*TASK STATEMENT*:
Repeat only the lines below from the one containing "Sport SUV 4x4" through the one containing "Koalas Koala - Drawstring", inclusive, exactly as written.

*SOURCE INFORMATION*:
+ + + + + + +

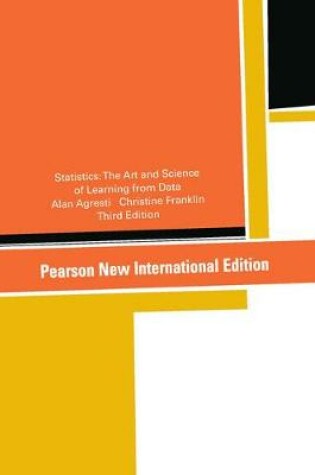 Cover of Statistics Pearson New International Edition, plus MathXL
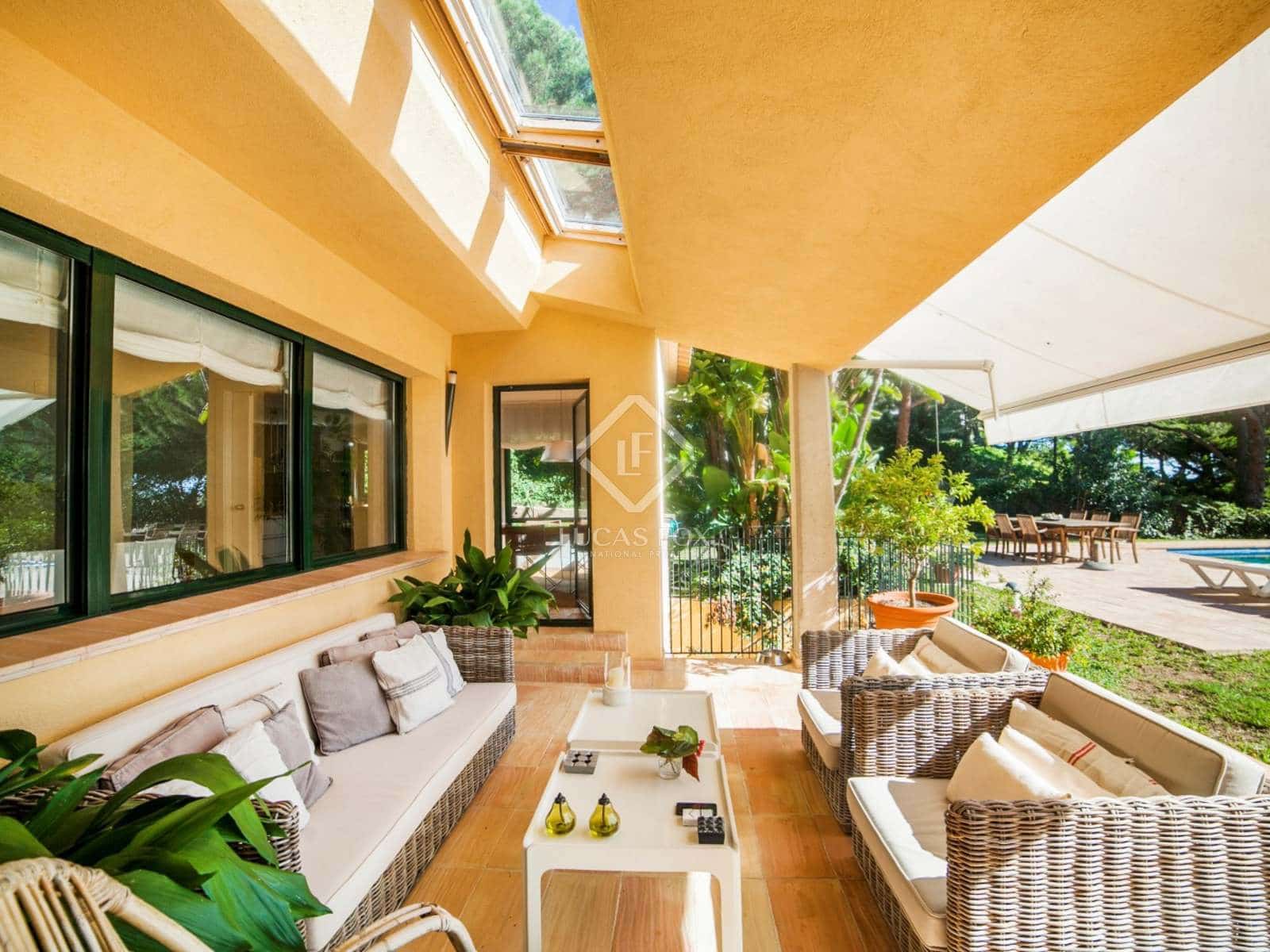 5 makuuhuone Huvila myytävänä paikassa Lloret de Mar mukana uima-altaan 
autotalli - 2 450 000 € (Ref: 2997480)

+ + + + + + +

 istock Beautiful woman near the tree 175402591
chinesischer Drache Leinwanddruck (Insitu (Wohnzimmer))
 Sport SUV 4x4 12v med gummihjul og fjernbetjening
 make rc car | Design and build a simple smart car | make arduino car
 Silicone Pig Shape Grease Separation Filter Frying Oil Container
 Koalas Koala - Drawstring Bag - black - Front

+ + + + + + +

*SOLUTION TO THE PROBLEM*:
 Sport SUV 4x4 12v med gummihjul og fjernbetjening
 make rc car | Design and build a simple smart car | make arduino car
 Silicone Pig Shape Grease Separation Filter Frying Oil Container
 Koalas Koala - Drawstring Bag - black - Front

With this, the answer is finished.